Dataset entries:
══════

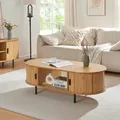 Produktbild: Couchtisch Tvedestrand 120x55x40 cm Bambus Natur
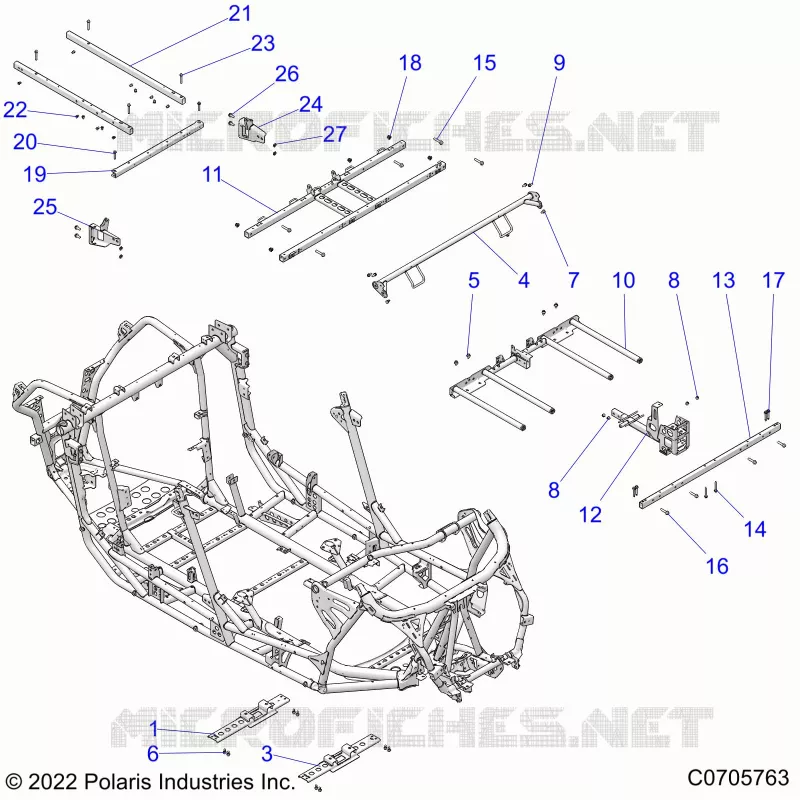 CHASSIS, MAIN FRAME AND SKID PLATES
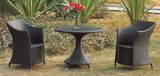 Outdoor Bistro Set Rattan Bistro Chairs with Coffee Table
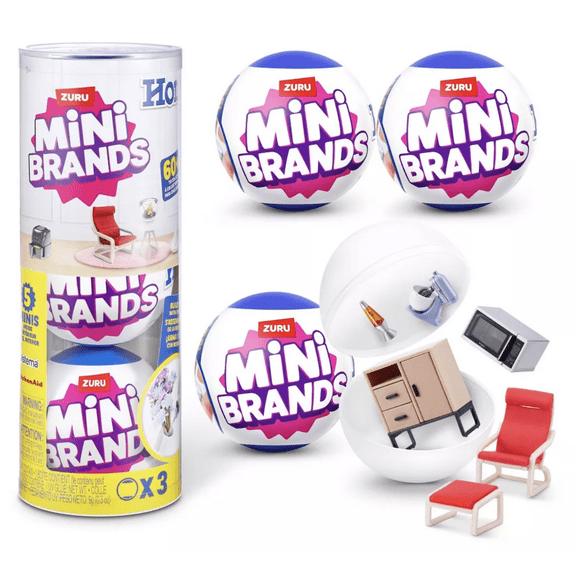 Mini Brands Home Series 1 Collectibles – Set of 3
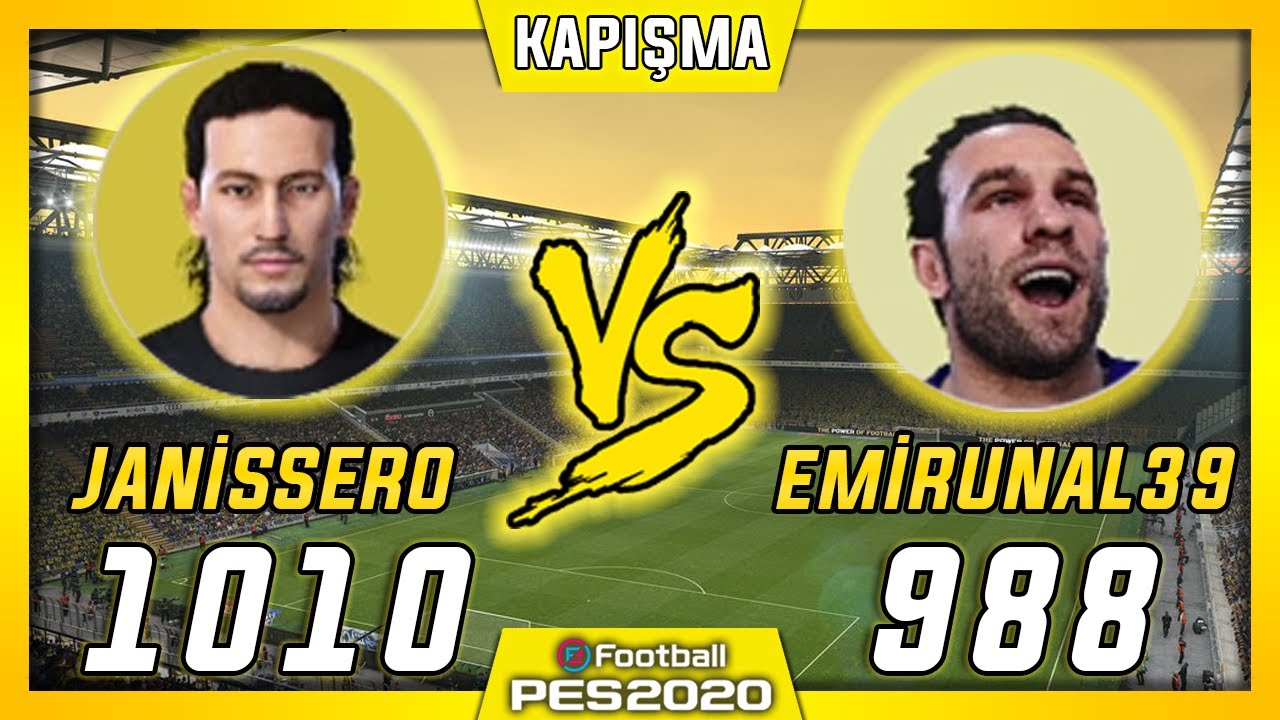 JANİSSERO VS EMİRUNAL39 | PES 2020 MYCLUB KAPIŞMA
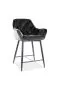 Hoker niski CHERRY H-2 VELVET czarny welurowy barowy | MIRAT. styl GLAMOUR, LOFT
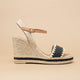 Espadrilles compensées raphia noir TENERIFE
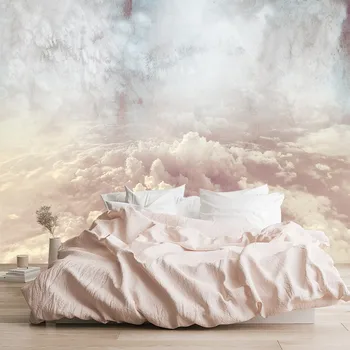 Iskandinav retro gökyüzü renk bulutlar özelleştirilmiş 3D fotoğraflar duvar kağıdı duvar kağıdı oturma odası, yatak odası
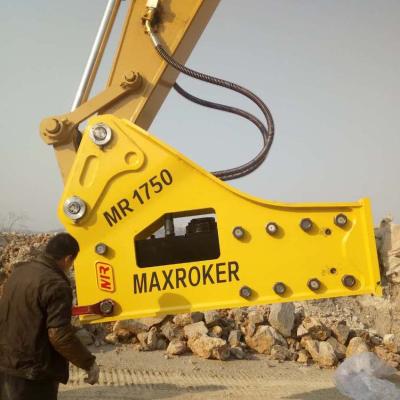 China Hydraulic Construction Machinery MAXROKER 155mm Chisel Rock Breaker For Cat 320 for sale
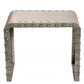 20" Gold Metal Rectangular End Table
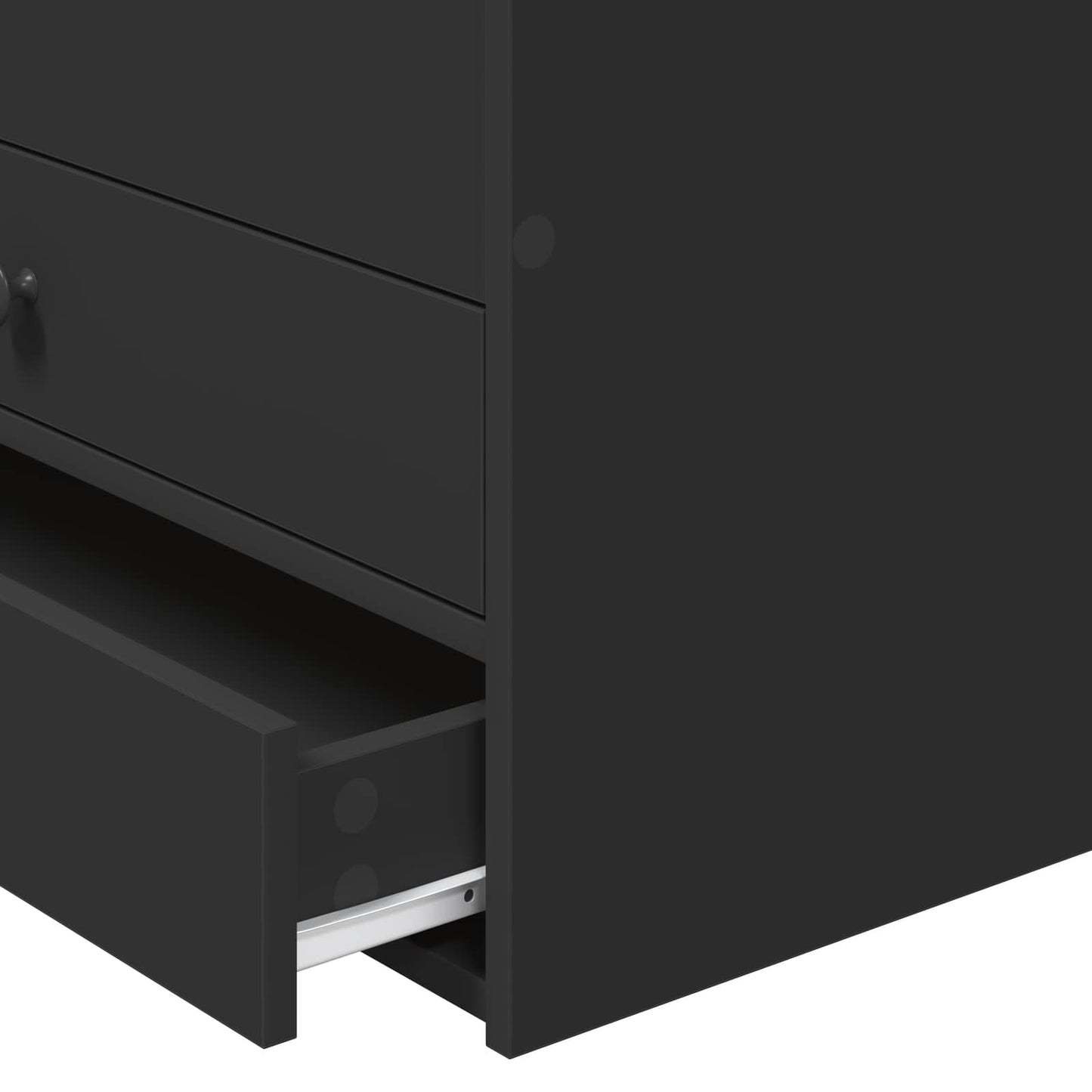 vidaXL Daybed with Drawer Manual Black 75 x 190 cm Engineered Wood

══════

» WHAT YOU WILL DO
Return an exact transcription of the entries above, excluding each image.

» RESPONSE
 Produktbild: Couchtisch Tvedestrand 120x55x40 cm Bambus Natur
 CHASSIS, MAIN FRAME AND SKID PLATES
 Outdoor Bistro Set Rattan Bistro Chairs with Coffee Table
 Mini Brands Home Series 1 Collectibles – Set of 3
 JANİSSERO VS EMİRUNAL39 | PES 2020 MYCLUB KAPIŞMA
 Hoker niski CHERRY H-2 VELVET czarny welurowy barowy | MIRAT. styl GLAMOUR, LOFT
 Espadrilles compensées raphia noir TENERIFE
 Iskandinav retro gökyüzü renk bulutlar özelleştirilmiş 3D fotoğraflar duvar kağıdı duvar kağıdı oturma odası, yatak odası
 China Hydraulic Construction Machinery MAXROKER 155mm Chisel Rock Breaker For Cat 320 for sale
 20" Gold Metal Rectangular End Table
 vidaXL Daybed with Drawer Manual Black 75 x 190 cm Engineered Wood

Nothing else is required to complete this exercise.